The actual gameplay is quite decent as well. I would describe it more like a 'golf puzzler' rather than your usual golfing game, because some later levels require you to figure out from where you can take a successful shot.

I also had absolutely no problem with the controls since you can simply touch and hold anywhere on the screen. The issue that you run out of screen space if you start to low is a common problem with golf games and didn't hamper with the fun I had.

The absolute worst thing, which probably influences other parts of the game, is the translation. In my native language, German, it is barely playable. The names of the levels are incomprehensible, sometimes words are missing, and the short descriptions make absolutely no sense at all. Paired with the pseudo-important story, I was often left with "what are they trying to say?" in my mind.

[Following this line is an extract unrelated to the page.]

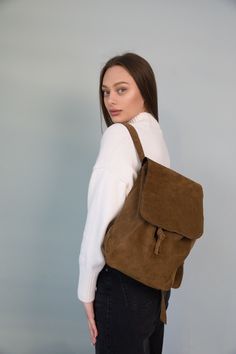 This small leather suede backpack is the perfect vantage accessory for women who appreciate timeless style. Made from soft suede, this mini backpack exudes a sense of luxury. Expertly handmade, every detail showcases the craftsmanship that goes into creating this beautiful bag. With its compact size and suede material, this backpack is both practical and stylish, making it the ideal companion for everyday adventures. ⭐ Backpack made of soft brown suede, fastened with a drawstring with a lock.  ⭐ The shoulder straps are adjustable, so you can easily find the right size for wearing  ⭐ You can carry at your side, handhold, or wear it on your back. ⭐ Size: 13,4x9,4x5,1 in (34 x 24 x 13 cm) ⭐ Material: suede Perfect for gifting, Valentine's Day, Groomsmen, Bridesmaid, Mother's Day, Birthdays, C Travel Satchel With Suede Lining, Soft Leather Suede Travel Satchel, Soft Suede Leather Travel Satchel, Casual Suede Travel Bags, Travel Satchel With Adjustable Strap In Suede, Suede Backpack, Mini Backpack Purse, Backpack For Women, Leather Dye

I get it is a dystopian world destroyed by humans and hints like "f*** Zuck" in levels are not really subtle. But, those bits of story you unlock make absolutely no sense to me. It's also a pity that you have to listen to some radio segments twice, or even more often, if you do not play through the game in one sitting. Also, an option to enable a display of taken shots and par would be nice. It should be optional though, because it would hinder the aesthetics when playing it for the first time.

Regarding gameplay, sometimes it can get frustrating to hit a small platform, but in all fairness that is something most golfing games struggle with. However, the problem gets elevated here because it's not always clear where an object begins and ends since the graphic and perspective are not always what they seem to be. That is especially true in one of the earlier levels in which you have to play up a hill which kind-of has 'stairs' you have to hit, but those stairs are hard to recognise.

I am a sucker for golf games and due to unique art design the game has a uncommon take on the genre. I like the puzzle like approach to the game, but would highly recommend to "skip" the story and not think about anything written in game.

Quincy Jones (iPhone 8 Plus)

I loved the look of the game and the music as well, but I wasn't impressed with the controls and that began to take all the joy out of the experience. I'm not sure if it would be better on a larger screen.

Aiming is a pain and after constantly missing supposedly easy shots I was done. I did enjoy the background radio a lot though.